Do you sum questions of your exams to get final scores of students? Do you use a questionnaire with likert-scales? Do you analyze these questionnaires by taking the means of these questionnaire-items? Do you use the mean of questions in evaluation-forms? Do you average response times to items in experimental settings?
If you have answered yes to any of these questions, you may (or may not but should) have wondered whether the items in your questionnaire, exam, test, or experiment are (sort of) measuring the same thing, the construct you had intended to be measured. If so, it is more than likely that you have calculated Cronbach’s alpha and (if the value was over .7) happily reported that indeed, the items were internally consistent. If so, you have calculated and reported the wrong measure and you are not alone. Despite the fact that methodologists have shown numerous time that Cronbach’s alpha is not suitable for measuring internal consistency (see Sijtsma, 2009, for instance), in handbooks Cronbach’s alpha can still be found as the prime choice measure to be calculated. Because the intention of questionnaire and test constructers is to summarize the test by its overall sum score, Jelle Goeman (and myself) advocate summability, which is defined as the proportion of total “test” (questionnaire-subset, exam, evaluation) variation that is explained by the sum score.
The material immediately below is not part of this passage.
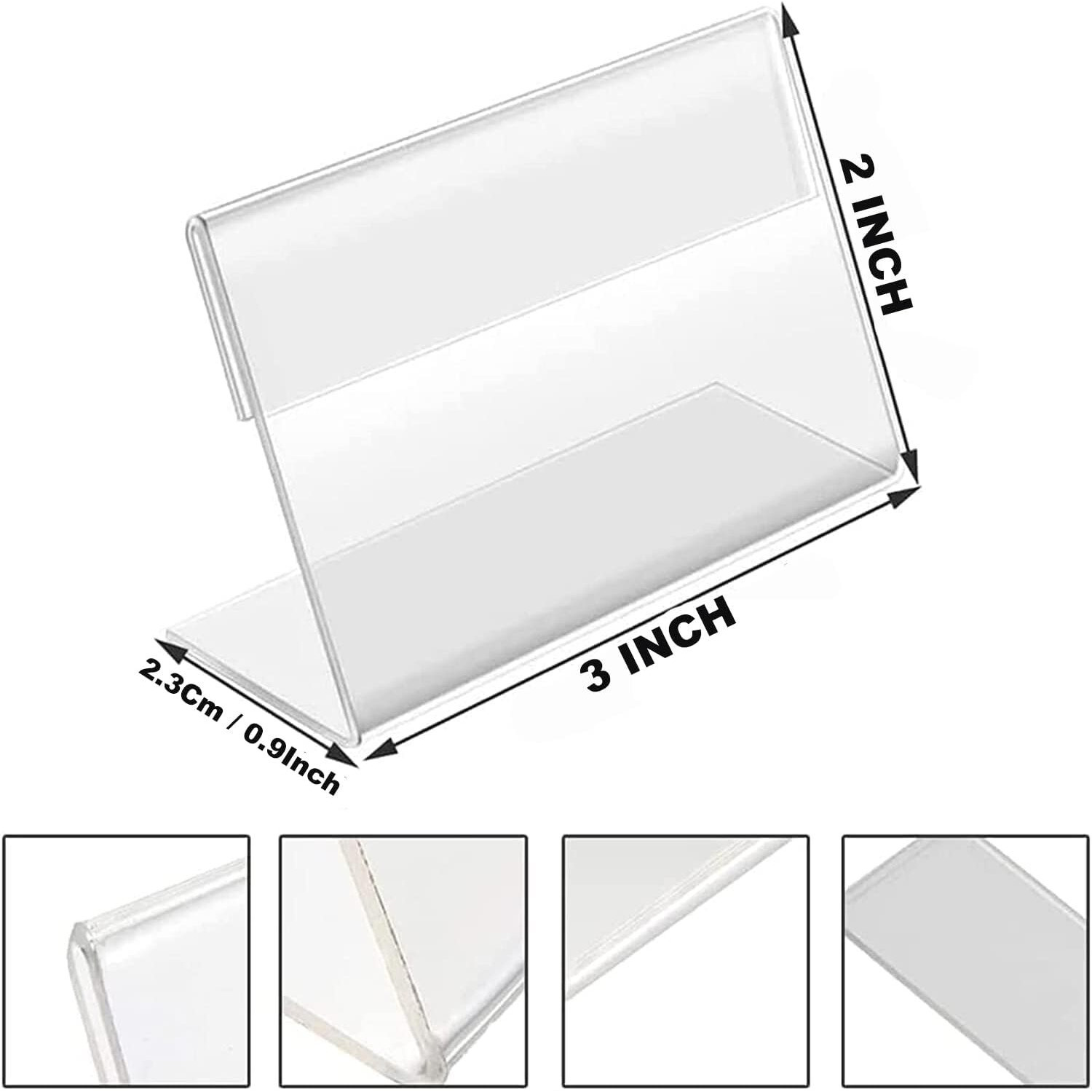 Shuban Acrylic Sign Holder L-Shape Acrylic Table Display Label Price Tag Name Card Holder Stands For School Office Counter Restaurants Supermarket (03X2 Inch - 100Pcs)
Our paper recently came out in the journal Educational Measurement: Issues and Practice, in which we show summability to be a stable measure across a number of variables (including test or questionnaire length). From the few examples that have been calculated until now, and from insight in the mathematic formula, we can assume that a summability of .5 can be considered “high”. As yet, however, more experience has to be gained on summabilities of tests in various fields before definite recommendations can be given.
Therefore, I end this blog with a “Call for Calculations”: please go to (https://sites.google.com/view/summability) and calculate summability yourself, for an existing test, exam, questionnaire, or experiment. You can download the R-code from the website, or use the link to the shiny-app. All you need is a table with items as columns and participants as rows, filled with participants’ scores on the items, supposedly measuring your (one) construct. The table can be in plain text-format or it can be an SPSS-file. Report your scores through the form available on the website. In this way, we will be able to gain a fast accumulation of knowledge of what constitutes “high,” “moderate,” and “low” summabilities. Thank you!